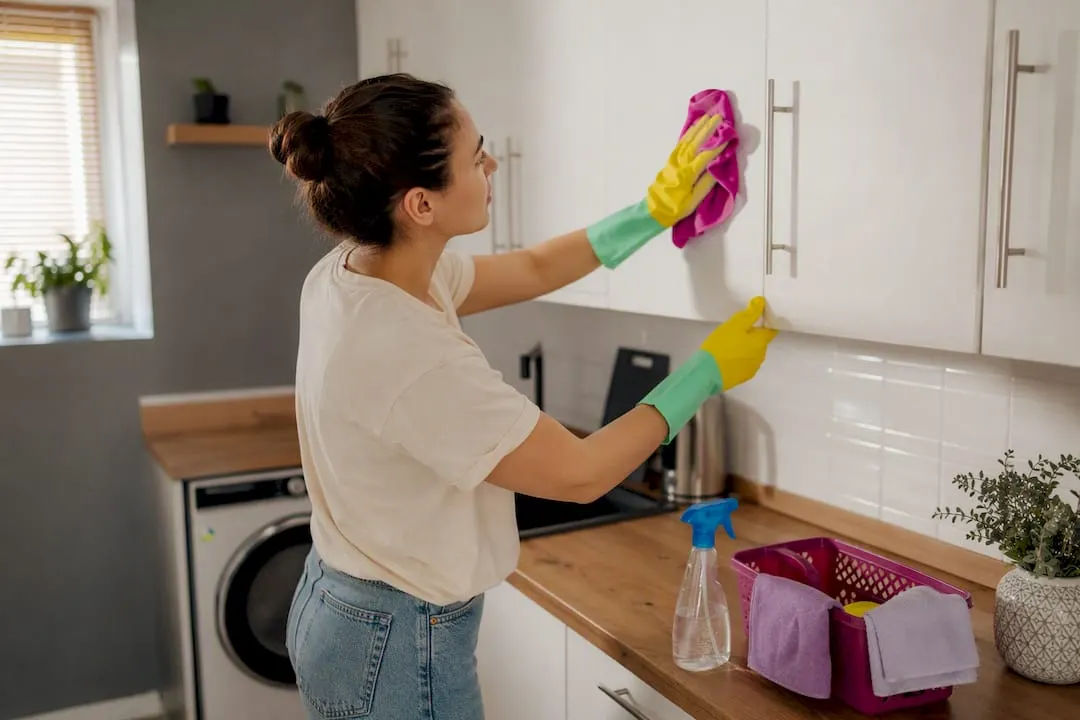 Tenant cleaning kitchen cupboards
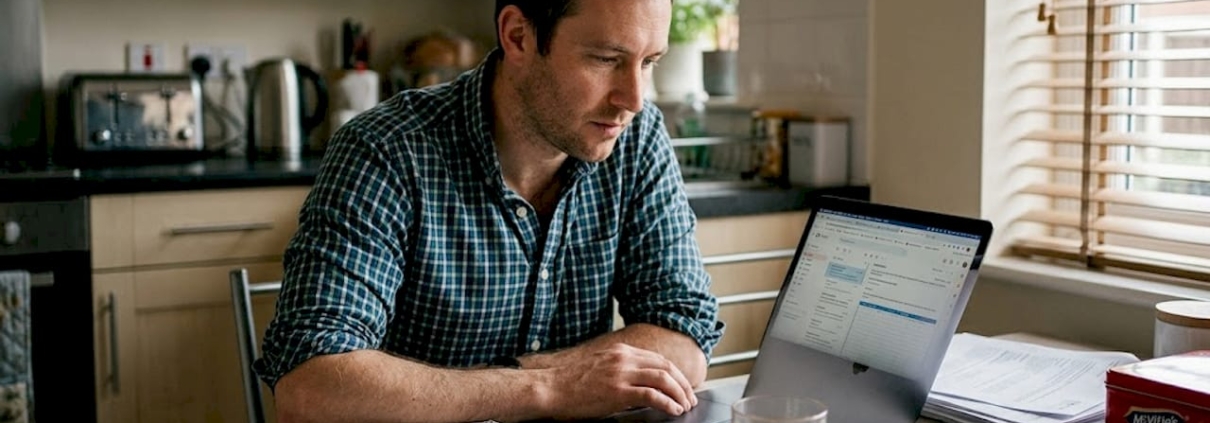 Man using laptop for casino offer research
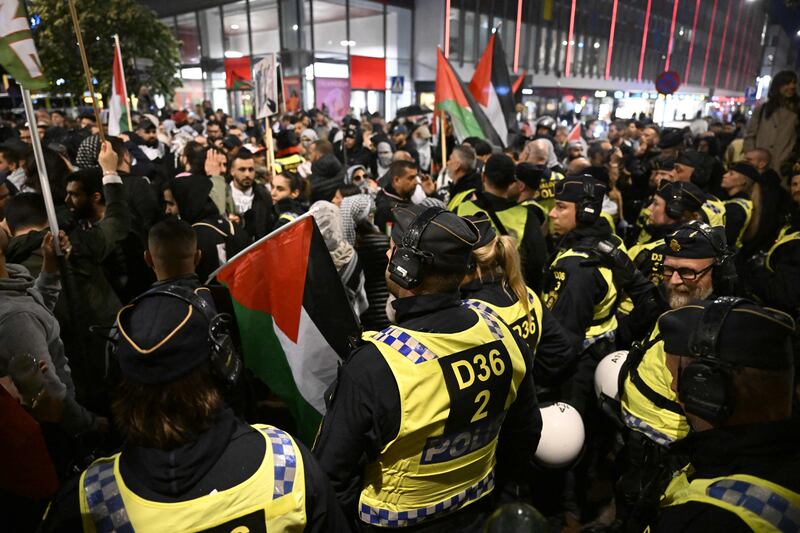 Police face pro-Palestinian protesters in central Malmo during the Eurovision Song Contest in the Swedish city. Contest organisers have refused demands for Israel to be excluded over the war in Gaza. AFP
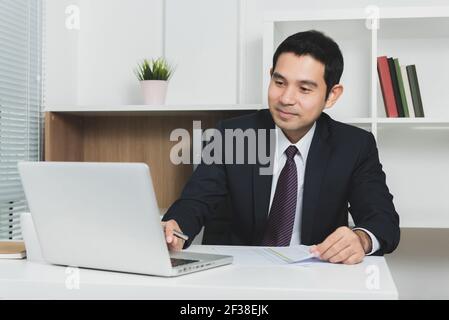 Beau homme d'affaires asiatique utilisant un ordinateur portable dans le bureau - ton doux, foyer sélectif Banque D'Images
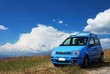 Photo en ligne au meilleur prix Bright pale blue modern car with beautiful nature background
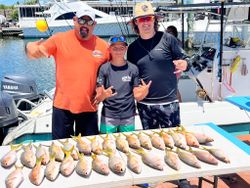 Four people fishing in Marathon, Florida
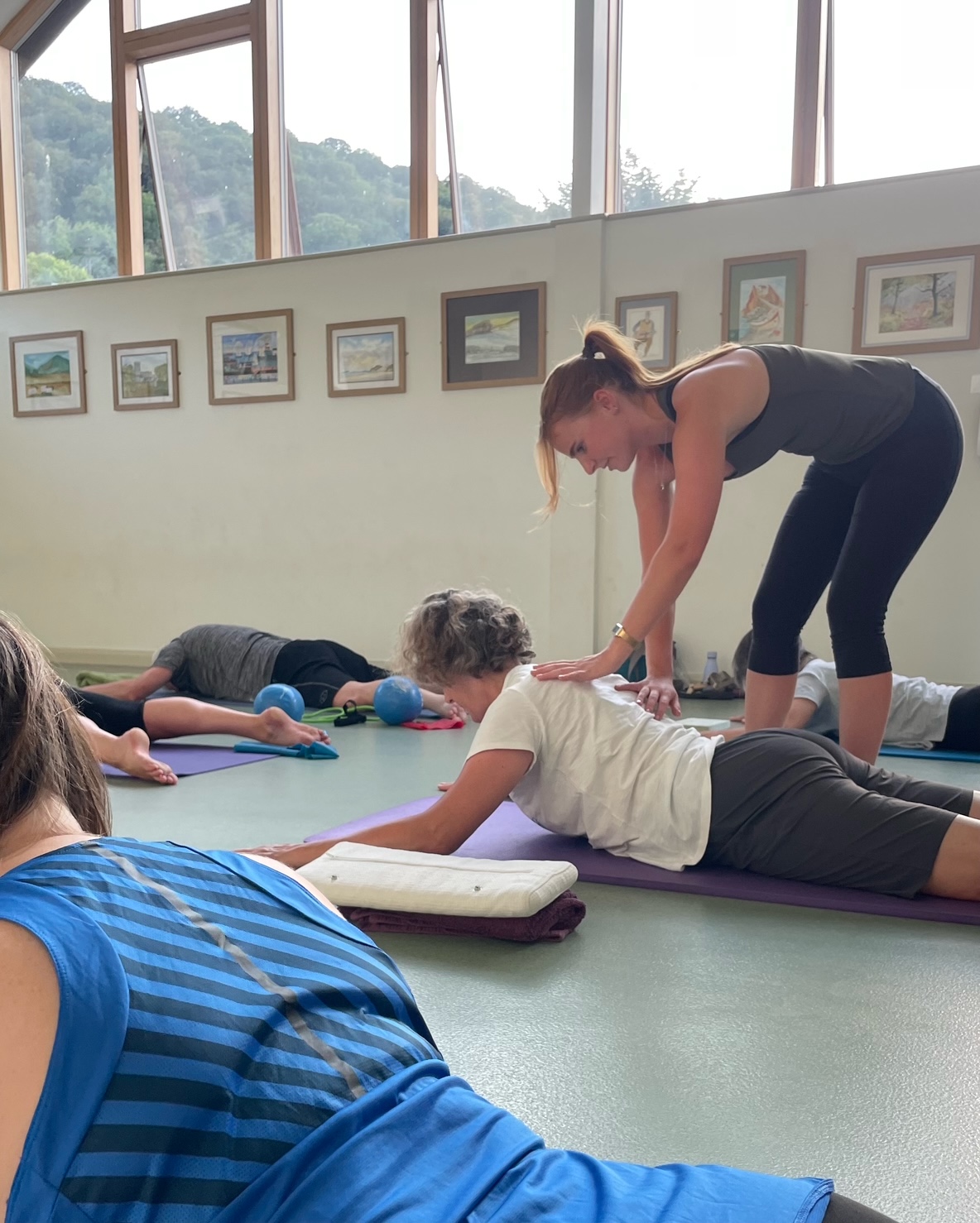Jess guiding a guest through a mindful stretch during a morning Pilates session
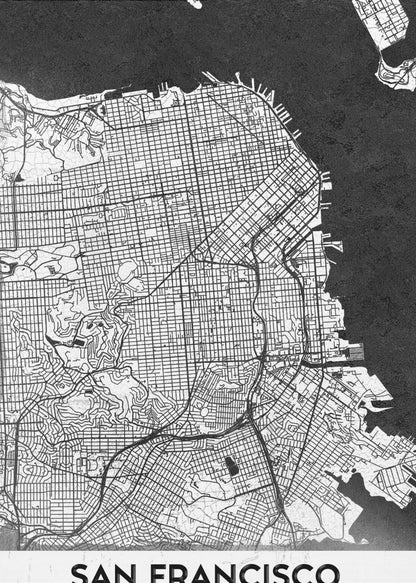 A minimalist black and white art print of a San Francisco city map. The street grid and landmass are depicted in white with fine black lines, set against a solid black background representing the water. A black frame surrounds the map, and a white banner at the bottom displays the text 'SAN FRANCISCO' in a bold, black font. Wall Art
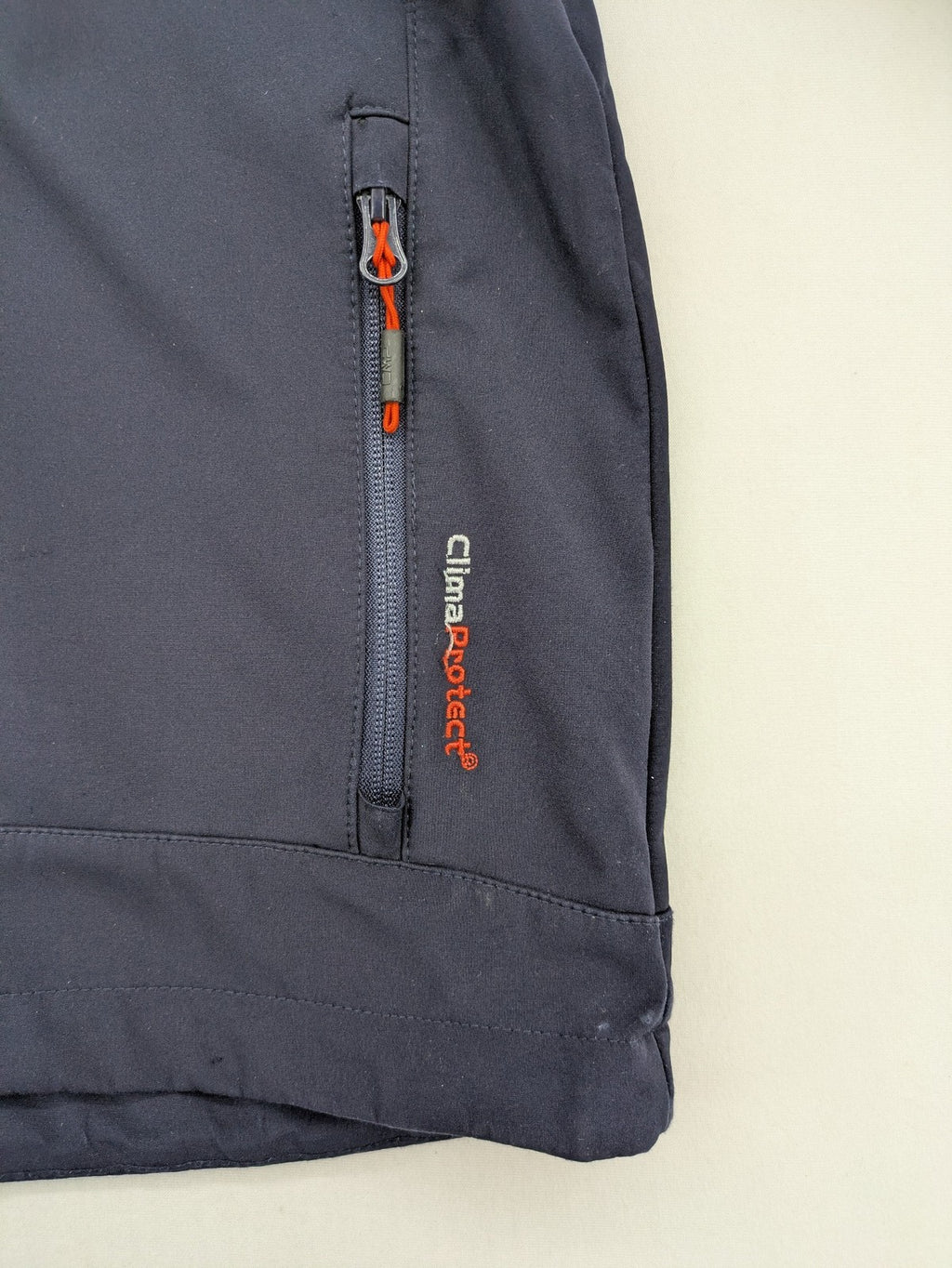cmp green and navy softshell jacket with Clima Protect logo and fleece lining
************
*PROBLEM STATEMENT*: All the records above need to be given again word for word. Skip the pictures.

*COMPLETED TASK*:
 Tenant cleaning kitchen cupboards
 Man using laptop for casino offer research
 Police face pro-Palestinian protesters in central Malmo during the Eurovision Song Contest in the Swedish city. Contest organisers have refused demands for Israel to be excluded over the war in Gaza. AFP
 Beau homme d'affaires asiatique utilisant un ordinateur portable dans le bureau - ton doux, foyer sélectif Banque D'Images
 Photo en ligne au meilleur prix Bright pale blue modern car with beautiful nature background
 Four people fishing in Marathon, Florida
Jess guiding a guest through a mindful stretch during a morning Pilates session
 A minimalist black and white art print of a San Francisco city map. The street grid and landmass are depicted in white with fine black lines, set against a solid black background representing the water. A black frame surrounds the map, and a white banner at the bottom displays the text 'SAN FRANCISCO' in a bold, black font. Wall Art
cmp green and navy softshell jacket with Clima Protect logo and fleece lining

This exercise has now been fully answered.